A wood-inspired bimodal solar-driven evaporator for highly efficient and durable purification of high-salinity wastewater†
Abstract
Solar-driven interfacial evaporation has great potential for energy-efficient purification of high-salinity wastewater, but there is a long-standing trade-off to achieve ultrahigh water evaporation while assuring salt resistance performance. Here, inspired by the leaves-on-stem architecture and transpiration of natural balsa wood, a wood-inspired bimodal evaporator (WBE) with both high evaporation and durable self-salt-discharge in high-salinity brine was prepared via an ice-template method. The hierarchical design and a bimodal porous structure configuration of the WBE provide efficient heat energy confinement, controllable vaporization enthalpy, and abundant salt exchange sites, as revealed by numerical simulations and demonstrated by experiments.
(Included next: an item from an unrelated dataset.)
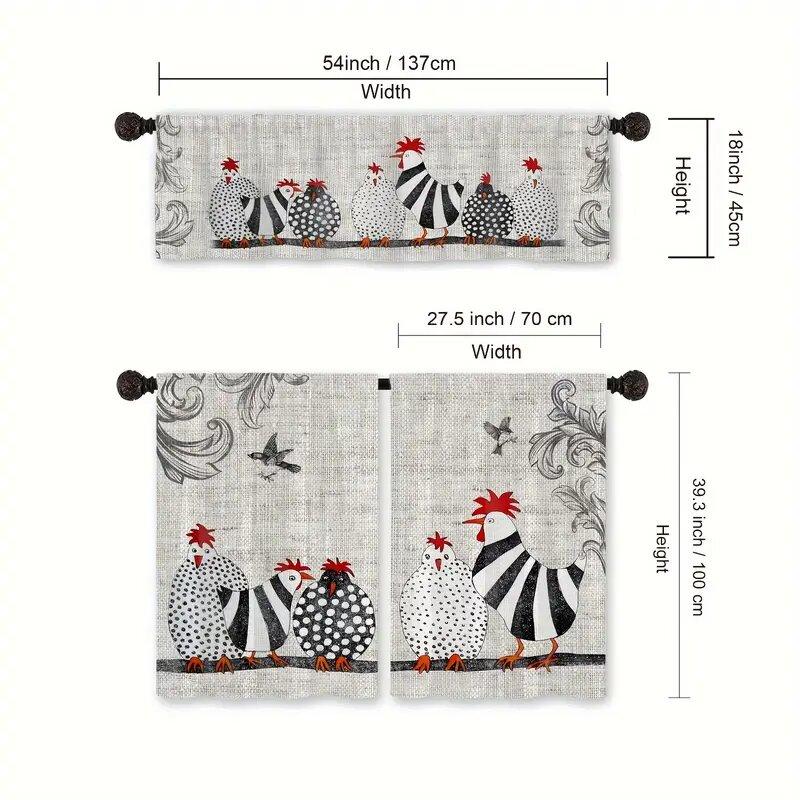 2 Bucăți - Perdele imprimate cu model abstract de pui cu buline retro, decorațiuni pentru ferestre, decorațiuni pentru casă, decorațiuni pentru cameră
The designed WBE achieved ultrahigh water evaporation capacity (3.02 kg m−2 h−1, 91.8% pure water efficiency) and long-term salt resistance (continuous 100 h in 20 wt% brine) under 1 sun irradiation. Especially, the bimodal design endowed the WBE with remarkable long-term structure reliability even after 1000 repeated compressions at 80% deformation. This work provides a promising approach to achieve durable and efficient purification of high-salinity wastewater.